**Information shown**

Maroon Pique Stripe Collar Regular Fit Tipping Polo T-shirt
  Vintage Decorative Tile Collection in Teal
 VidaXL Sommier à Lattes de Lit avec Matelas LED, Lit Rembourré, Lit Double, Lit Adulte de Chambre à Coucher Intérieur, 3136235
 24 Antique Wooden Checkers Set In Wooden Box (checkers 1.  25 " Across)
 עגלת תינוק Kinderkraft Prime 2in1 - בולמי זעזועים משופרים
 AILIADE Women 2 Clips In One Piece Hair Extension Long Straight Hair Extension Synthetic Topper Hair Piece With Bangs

**Exercise brief**
Using the listing above, return word for word each line from the one that has "Vintage Decorative Tile Collection in Teal" through the one that has "עגלת תינוק Kinderkraft", and no line outside that range.

**Problem solution**
  Vintage Decorative Tile Collection in Teal
 VidaXL Sommier à Lattes de Lit avec Matelas LED, Lit Rembourré, Lit Double, Lit Adulte de Chambre à Coucher Intérieur, 3136235
 24 Antique Wooden Checkers Set In Wooden Box (checkers 1.  25 " Across)
 עגלת תינוק Kinderkraft Prime 2in1 - בולמי זעזועים משופרים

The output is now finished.